Sistema de percepción visual. Leyes de agrupamiento perceptivo

 

Tal y como se ha comentado anteriormente la mayor parte de la información que se presenta al usuario se hace en formato visual, por lo que resulta de especial interés conocer cómo funciona el sistema de percepción visual, sus características, funcionamiento y limitaciones. Es necesario conocer las diferentes fases mediante las cuales el sistema visual procesa la información estimular y la convierte en conocimiento. Dicho proceso implica la codificación de los estímulos, la construcción de diferentes tipos de representaciones, y la progresiva organización de la escena visual (Luna & Tudela, 2011). Este proceso está influenciado y dirigido por nuestra atención y nuestras expectativas, las cuales, a su vez, están basadas en tres factores: nuestra experiencia, el contexto en el que se presenta la información visual y nuestros objetivos (que dirigen nuestra atención, guiando y filtrando nuestras percepciones y, por tanto, nuestro comportamiento visual) (Johnson, 2014).

A menudo, la percepción está manipulada por la forma en que vemos los objetos y los relacionamos entre sí en función del espacio. Los huecos, las incongruencias o las perturbaciones son pasadas por alto por el cerebro basándose en las leyes de la organización. En este sentido, la teoría de la Gestalt explica cómo los observadores agrupan subconscientemente objetos separados para percibirlos como un todo, y enuncia los llamados principios de agrupamiento perceptivo o leyes de Gestalt (Koffka, 2013)[5] (Figura X.1). Estas leyes pueden dividirse en principios intrínsecos (proximidad, similitud o semejanza, cierre, buena continuación o continuidad, destino común y sincronía) y extrínsecos (región común y conexión). En estos últimos principios intervienen elementos externos al estímulo (líneas, conectores, …) que permiten formar patrones perceptivos distintos a los que se formarían si sólo actuaran las propiedades de las unidades estimulares discretas (Tabla X.2).
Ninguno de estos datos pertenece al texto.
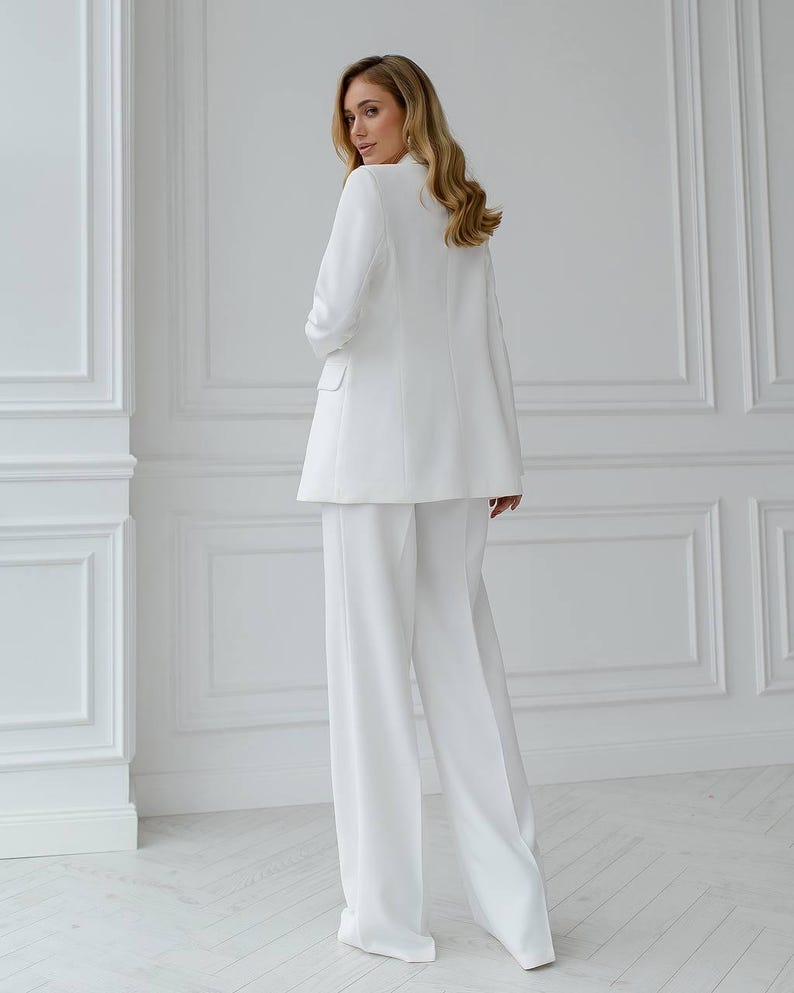May include: A white suit consisting of a blazer and wide-leg pants. The blazer has a classic design with lapels and pockets. The pants are long and flowing, creating a sleek, elegant silhouette. The suit is made of a smooth, solid white fabric.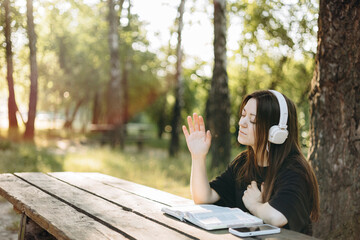Young teen girl in headphones reading the Bible at a wooden table outdoors.
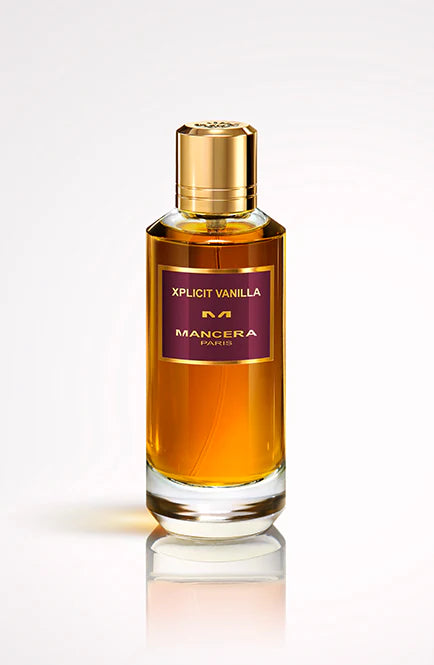 A 120ml glass bottle of Mancera Xplicit Vanilla Eau De Parfum, labeled "Xplicit Vanilla" with a gold cap and amber liquid, stands against a light background, reflecting the scent's rich vanilla essence.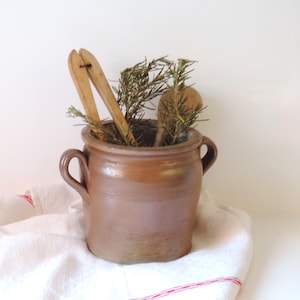 Może przedstawiać: Brązowy ceramiczny garnek z dwoma bocznymi uchwytami, zawierający drewniane szczypce kuchenne i drewnianą łyżkę oraz gałązki zielonego rozmarynu. Garnek ma gładkie, szkliwione wykończenie i stoi na białej ściereczce z czerwonym paskiem.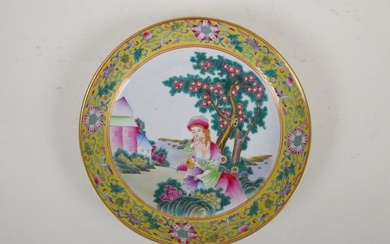 A Chinese polychrome porcelain dish decorated with a western...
Figura X.1. Ejemplo de aplicación de algunas de las leyes de Gestalt[6].

Tabla X.2. Definición de las principales leyes de agrupamiento perceptivos o leyes de Gestalt.

Las leyes de Gestalt, tienen una clara aplicación a la hora de diseñar el layout de las interfaces gráficas de usuario (Graham, 2008; Hicks, 2009) (Figura X.2), y pueden aparecer de forma aislada o combinados en condiciones de cooperación y competición. En las condiciones de cooperación los principios de agrupamiento se combinan de forma que cooperan fortaleciendo el agrupamiento en el mismo lado del patrón, propiciando una organización perceptiva estable. Por su parte, en las condiciones de competición los distintos principios se combinan compitiendo entre sí por agrupar al elemento objetivo o target, dando lugar a una organización perceptiva inestable y ambigua que fluctúa entre el agrupamiento del objetivo con un conjunto de elementos o con otro.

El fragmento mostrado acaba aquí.